Start of Exercise inputs

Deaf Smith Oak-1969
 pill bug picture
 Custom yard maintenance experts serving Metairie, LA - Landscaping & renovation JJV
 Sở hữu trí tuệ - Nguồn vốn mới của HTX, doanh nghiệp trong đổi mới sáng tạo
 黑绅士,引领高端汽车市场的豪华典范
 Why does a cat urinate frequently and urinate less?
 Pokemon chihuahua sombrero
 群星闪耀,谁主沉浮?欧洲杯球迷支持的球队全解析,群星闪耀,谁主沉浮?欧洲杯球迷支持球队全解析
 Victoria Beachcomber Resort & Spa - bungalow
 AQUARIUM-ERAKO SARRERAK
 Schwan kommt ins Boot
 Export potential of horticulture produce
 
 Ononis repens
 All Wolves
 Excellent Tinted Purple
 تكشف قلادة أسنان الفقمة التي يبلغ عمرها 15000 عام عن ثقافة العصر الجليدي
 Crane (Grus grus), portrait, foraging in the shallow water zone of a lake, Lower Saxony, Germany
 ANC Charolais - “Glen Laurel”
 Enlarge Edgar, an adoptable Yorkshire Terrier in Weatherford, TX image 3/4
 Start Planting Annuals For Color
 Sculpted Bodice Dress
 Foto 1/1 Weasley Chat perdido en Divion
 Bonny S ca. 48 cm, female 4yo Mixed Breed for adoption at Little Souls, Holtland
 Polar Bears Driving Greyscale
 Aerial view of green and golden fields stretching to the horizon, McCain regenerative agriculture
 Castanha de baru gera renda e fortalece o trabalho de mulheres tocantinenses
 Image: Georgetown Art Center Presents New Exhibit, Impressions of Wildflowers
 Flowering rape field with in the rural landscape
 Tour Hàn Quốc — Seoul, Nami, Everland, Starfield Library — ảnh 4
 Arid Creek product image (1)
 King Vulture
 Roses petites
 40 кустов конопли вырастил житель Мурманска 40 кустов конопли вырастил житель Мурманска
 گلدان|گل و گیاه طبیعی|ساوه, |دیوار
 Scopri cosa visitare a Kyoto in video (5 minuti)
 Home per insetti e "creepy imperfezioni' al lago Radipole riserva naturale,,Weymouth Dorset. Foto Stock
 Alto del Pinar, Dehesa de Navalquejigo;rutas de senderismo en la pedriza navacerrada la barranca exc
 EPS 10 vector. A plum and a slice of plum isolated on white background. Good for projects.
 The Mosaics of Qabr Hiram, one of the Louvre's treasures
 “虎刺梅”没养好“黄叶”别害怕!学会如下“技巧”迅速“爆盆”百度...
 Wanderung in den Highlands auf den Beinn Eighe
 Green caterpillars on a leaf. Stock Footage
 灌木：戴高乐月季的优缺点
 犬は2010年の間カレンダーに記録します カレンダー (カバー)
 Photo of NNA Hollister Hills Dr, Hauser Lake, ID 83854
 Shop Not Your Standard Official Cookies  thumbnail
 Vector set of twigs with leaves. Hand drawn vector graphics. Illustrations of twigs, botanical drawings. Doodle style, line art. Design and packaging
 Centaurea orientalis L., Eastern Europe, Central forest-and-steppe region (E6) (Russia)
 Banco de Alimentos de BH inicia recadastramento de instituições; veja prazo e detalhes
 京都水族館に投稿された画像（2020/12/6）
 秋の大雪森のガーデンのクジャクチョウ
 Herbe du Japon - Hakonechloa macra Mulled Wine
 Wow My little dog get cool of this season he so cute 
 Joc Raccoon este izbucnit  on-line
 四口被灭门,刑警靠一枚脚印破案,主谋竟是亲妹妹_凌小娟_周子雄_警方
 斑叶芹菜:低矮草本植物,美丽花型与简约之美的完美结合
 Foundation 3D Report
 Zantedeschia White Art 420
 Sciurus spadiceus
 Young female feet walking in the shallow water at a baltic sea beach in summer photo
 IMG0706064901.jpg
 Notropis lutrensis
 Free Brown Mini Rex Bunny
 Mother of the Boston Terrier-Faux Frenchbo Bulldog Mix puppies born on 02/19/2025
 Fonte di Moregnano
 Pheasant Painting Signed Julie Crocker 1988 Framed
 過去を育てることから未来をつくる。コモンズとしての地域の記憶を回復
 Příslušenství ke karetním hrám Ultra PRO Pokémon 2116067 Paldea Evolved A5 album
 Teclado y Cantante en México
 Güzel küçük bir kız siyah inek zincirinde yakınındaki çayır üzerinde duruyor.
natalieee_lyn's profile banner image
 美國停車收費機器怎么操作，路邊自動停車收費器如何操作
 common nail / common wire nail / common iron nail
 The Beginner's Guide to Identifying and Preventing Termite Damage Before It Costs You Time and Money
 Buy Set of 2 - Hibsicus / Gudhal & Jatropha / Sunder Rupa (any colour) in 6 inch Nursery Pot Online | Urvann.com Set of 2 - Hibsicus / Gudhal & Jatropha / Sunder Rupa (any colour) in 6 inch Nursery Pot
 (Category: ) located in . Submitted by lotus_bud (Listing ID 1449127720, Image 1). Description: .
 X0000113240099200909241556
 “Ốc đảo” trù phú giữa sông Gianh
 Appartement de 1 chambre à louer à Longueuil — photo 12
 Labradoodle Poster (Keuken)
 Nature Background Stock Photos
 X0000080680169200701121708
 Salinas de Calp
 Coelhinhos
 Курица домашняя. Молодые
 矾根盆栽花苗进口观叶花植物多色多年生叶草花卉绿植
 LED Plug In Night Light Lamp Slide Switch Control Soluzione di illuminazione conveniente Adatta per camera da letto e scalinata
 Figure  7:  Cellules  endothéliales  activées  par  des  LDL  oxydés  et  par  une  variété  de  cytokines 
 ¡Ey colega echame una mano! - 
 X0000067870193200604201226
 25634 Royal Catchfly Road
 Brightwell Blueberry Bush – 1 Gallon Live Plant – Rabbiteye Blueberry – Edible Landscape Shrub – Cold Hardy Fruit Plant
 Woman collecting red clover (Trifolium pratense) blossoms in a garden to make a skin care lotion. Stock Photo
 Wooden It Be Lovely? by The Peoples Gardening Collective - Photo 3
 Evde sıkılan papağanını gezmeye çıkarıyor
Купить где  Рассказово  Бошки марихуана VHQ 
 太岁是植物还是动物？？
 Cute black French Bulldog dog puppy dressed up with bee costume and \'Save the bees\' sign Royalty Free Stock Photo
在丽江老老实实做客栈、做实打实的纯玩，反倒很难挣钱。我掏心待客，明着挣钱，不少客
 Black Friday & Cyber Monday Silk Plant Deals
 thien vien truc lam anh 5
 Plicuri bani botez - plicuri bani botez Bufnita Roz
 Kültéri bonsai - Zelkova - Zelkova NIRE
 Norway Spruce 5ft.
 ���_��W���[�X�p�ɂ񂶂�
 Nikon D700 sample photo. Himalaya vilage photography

End of Exercise inputs

Across all the records above, find each line with "water" in it and copy it.

### Your solution
 Crane (Grus grus), portrait, foraging in the shallow water zone of a lake, Lower Saxony, Germany
 Young female feet walking in the shallow water at a baltic sea beach in summer photo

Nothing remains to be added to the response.